Chaya, Espinafre de árvore


Folhas de Chaya, variedade "estrella".
É uma pena que não tenhamos a chaya em todas as feiras do Brasil. Nativa do México, essa hortaliça folhosa forma uma arvoreta de até 6 metros de altura, e possui folhas comestíveis. As folhas, parecidas com a da mandioca, são deliciosas e sabem à couve, escuras e vitaminadas. São deliciosas, e além da planta ser rústica, possui um crescimento super rápido. 

Eu acho muito interessante pensar que podemos consumir as folhas de algumas plantas arbóreas. Em geral pensamos nas folhas mais comuns, nas hortaliças, plantas pequenas e de ciclo curto, mas esquecemos que existem boas opções de hortaliças arbóreas. Algumas mais comuns, como a paineira (sim, come-se as folhas jovens, caso consiga alcançá-las), outras menos comuns, como a chaya ou espinafre de árvore. 

Ter como opção consumir algumas folhas de árvores é sempre um bom negócio, porque, como regra geral, plantas com raízes mais profundas conseguem absorver nutrientes que não estão disponíveis na superfície, e certas plantas de pequeno porte não alcançam. Com suas exceções, claro. Árvores são em geral mais resistentes e ocupam pouca área de solo, deixo a área sobre a copa disponível para plantar outras hortaliças. Ou seja, você aproveita os estratos da vegetação e não fica dependente apenas do nível do solo.

Se não podar, as folhas ficam lá no alto!
A chaya (pronuncia-se "txai-a") é uma planta da família das euphorbiáceas, uma família notadamente venenosa. Temos algumas espécies comestíveis, como a mandioca, da qual a chaya é parente próxima. Aliás, são raras exceções, porque essa família possui poucas espécies de folhas comestíveis. A folha da mandioca é uma delas, mas sempre cozida - a maniçoba paraense ferve por muitos dias antes de ser consumida.

A chaya possui as mesmas substâncias da mandioca-brava, mas em quantidades baixas. Na realidade, o que denominamos por chaya é a espécie Cnidoscolus aconitifolius, que possui cinco variedades, variando em teores de ácido hidrocianídrico entre elas. Percebe-se que é uma planta domesticada, onde há diferenças evidentes entre seus cultivares. Cultivar é um grupo de plantas "domesticadas" pelo homem para ter alguma característica, de forma a diferenciar-se da planta original da natureza. Assim, algumas chayas são mais mansas, outras precisam de mais cozimento. Em comum, não recomenda-se consumir nenhuma crua, sendo a fervura um requisito para consumir essa hortaliça.

Chaya da variedade "estrella", no Morro do Alemão
A chaya, aliás, antes de ser domesticada aqui na América central, além de rica em ácido hidrocianídrico, também possuía pelos urticantes que irritam as mãos de quem as toca. As variedades comerciais possuem poucos ou nenhum pelo. Aliás, vamos falar das variedades, porque o preparo delas varia de planta pra planta. As duas que encontrei aqui no Brasil, aliás, foram as não-urticantes.
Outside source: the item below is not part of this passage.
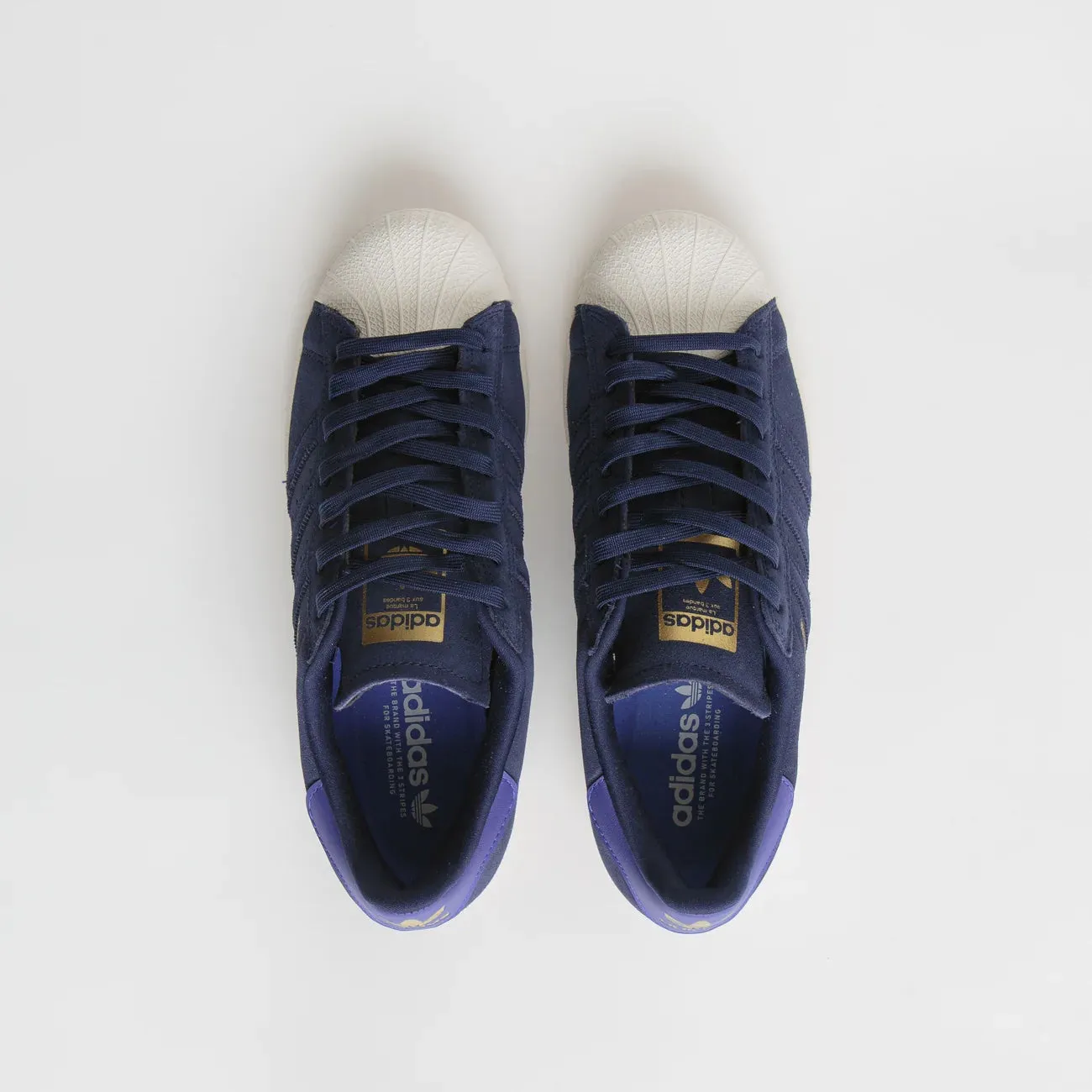 adidas Superstar ADV core black royal blue gold metallic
Variedade "Chaya Mansa", tirada no Jardim Botânico.

As folhas ficam de fato grandes! Variedade "chaya mansa"
Temos 4 variedades cultivadas, todas identificáveis pela folha: chaya mansa, estrella, picuda e plegada. A variedade estrella é a mais alta, alcançando até 6 metros, e não tem pelos urticantes nas folhas, sendo uma das mais consumidas. A chaya mansa possui as folhas menos recortadas e com apenas três lóbulos, possuindo alguns pelos urticantes na folhas (veja foto acima). A variedade chamada plegada possui as folhas em forma de leque, talos curtos e muitos pelos urticantes. Por fim, a variedade picuda tem as folhas fortemente serrilhadas, porte baixo e não possui urticancia.

Retirado do Reporte Técnico "La Chaya" , 2014, da 
Universidade do Vale da Guatemala.
Assim como a mandioca, ela se reproduz por estacas de caule. Recomenda-se usar estacas com no mínimo 5 gemas e com pelo menos 30 centímetros. Os caules devem cicatrizar por pelo menos 24h antes do plantio. Devem ser enterrados 10cm e deixados 20cm para fora, plantando na areia ou em sacos de polietileno em solo ligeiramente úmido à sombra. O crescimento é lento nos primeiros 4 meses, mas chega a crescer 0,7cm por dia e chega a mais de 4 metros após um ano de plantio. Em vaso, como fiz aqui, o desenvolvimento é extremamente lento, mas o desempenho em chão é bem mais rápido.

Estaca com duas semanas começando a germinar

Detalhe do broto.
Estaca feita com a porção apical e o broto, ainda pouco
 lignificado (verde) também dá certo, mas cresce bem
lentamente. Esse possui dois meses desde o plantio.

A ponta da rama na variedade "estrella". Nas variedades
urticantes, os pontos brancos corresponderiam a
espinhos urticantes. Um amor.
Para colher, selecione as folhas formadas, porém jovens, mais macias e tenras. A planta pode ser completamente desfolhada e podada a cada 2-3 meses, regenerando-se completamente. É ideal para sistemas agroflorestais, por crescer como pioneira e tolerar solos secos depois de estabelecida, ocupando o estrato entre 1 e 3 metros.

Qualquer galho pode virar muda.
Para consumir, recomenda-se a fervura ou branqueamento de 5 a 20 minutos, dependendo da variedade. A toxina da folha evapora com o calor, então o cozimento deixa as folhas seguras para consumo. Recomenda-se não inalar o vapor do cozimento da planta. A água, diferente do cozimento da taioba, não precisa ser descartada, pois é nutritiva e saborosa. Um cuidado importante é não cozinhar em panelas de alumínio, que geram uma reação tóxica e podem gerar enjoos, vomito, e tontura. 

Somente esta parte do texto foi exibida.